Turbo-changes in perspectives sometimes happen like that. One night, there it was: blue Earth, suspended by invisible fishing line with all those other planets, the only one that held life. And, suddenly, even the moth became a spectacle, not to mention the cougar or the columbine.
Hungry to confirm the preciousness of Earth, to join the community of the awe-struck, I consumed information: I read and then watched An Inconvenient Truth, of course; read The End of Nature & Deep Economy by Bill McKibben; read magazine articles, web-posted reports, and explored Web sites, finding, finally, that we humans — just one of the spectacles of life on Earth — have wielded a greater force than awe upon our planet and it has suffered for it.
Among other powerful influences, humans have wielded a terrible nonchalance. In our search for ease, we’ve taken all this life for granted, and, as the IPCC report concludes, in so doing, we’ve changed everything — everything.
And so, I entered a state of solo-questioning: What can I do? How can I stop something so big? What am I but a mom in a small mountain town? I vacillated hourly from marveling to feeling morose; from feeling despair to being inspired. But the “I” turned out to be the problem.
Community was what mattered now. Converting worry into positive change would take a community.

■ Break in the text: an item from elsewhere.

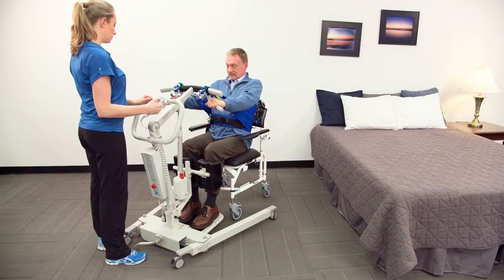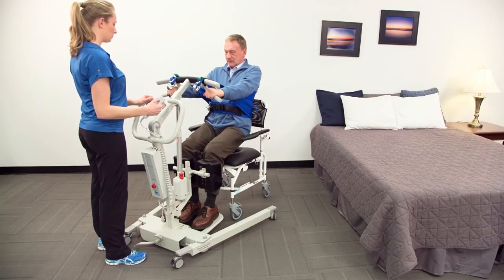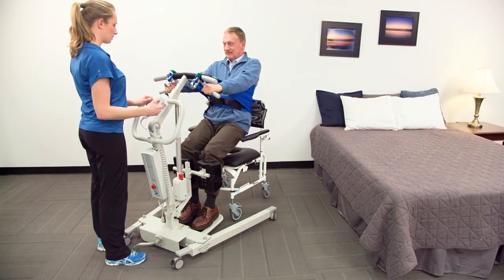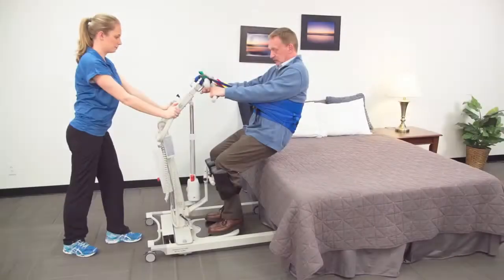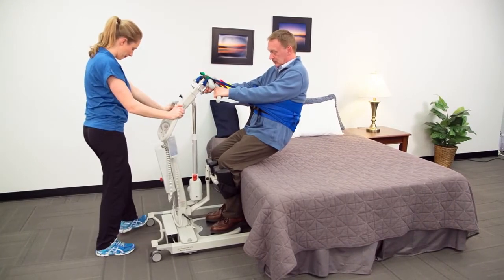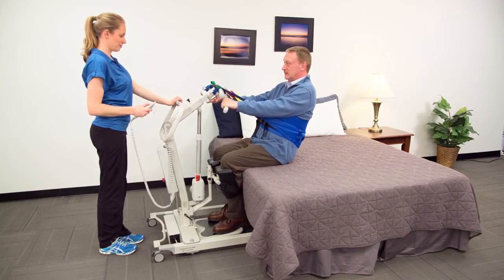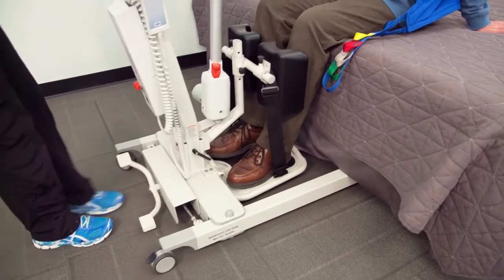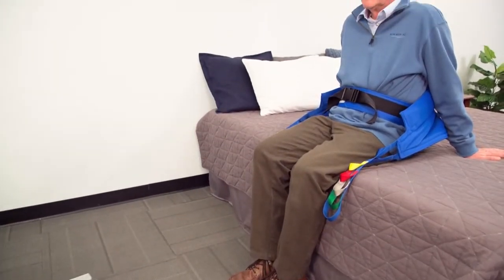Stand Assist devices, like all ergonomic and mobility aids, are designed to prevent caregiver injury and to make patient transfers and lifting easier, safer, and more comfortable for the patient. Some advantages of Stand Assist devices are they are simple and safe to use, do not require any track system, and can be easily rolled about to access care areas where a ceiling lift system is not available.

Enter former mayor and long-time environmental activist Beth Ingalls. In one sitting, she took the handful of us — varied in experience with environmentalism and activism — and made us a charged and hopeful community called Truckee Climate Action Network (TCAN). See our Web site www.TruckeeCan.com
Our group’s first public act was, fittingly, to join an even larger community of nationwide concerned citizens and plan to host an event called “Step It Up,” spearheaded by Bill McKibben, internationally renowned environmentalist, activist and writer. As of this writing, there are 1,300 Step It Up events planned across the country. On April 14, in virtual force, thousands of people will gather and call on Congress to cut carbon emissions 80 percent by 2050. Photographs of each event will be linked and sent via the Internet to Congress to show our nation’s deep concern for the Earth.
Now, back again to the individual: enter You. You can come to the Truckee River Regional Park on April 14, next Saturday, at noon to hear a powerful line-up of speakers on climate change, to hear Truckee musician Jeff Jones play, to make a pledge flag that will hang with hundreds of other pledge flags already designed by Truckee and Tahoe children. You can bring your own homemade banners or just-plain come to forestall more nonchalance.
Better still, come and join a community that cares.
Carolyn Hamilton is a Truckee resident.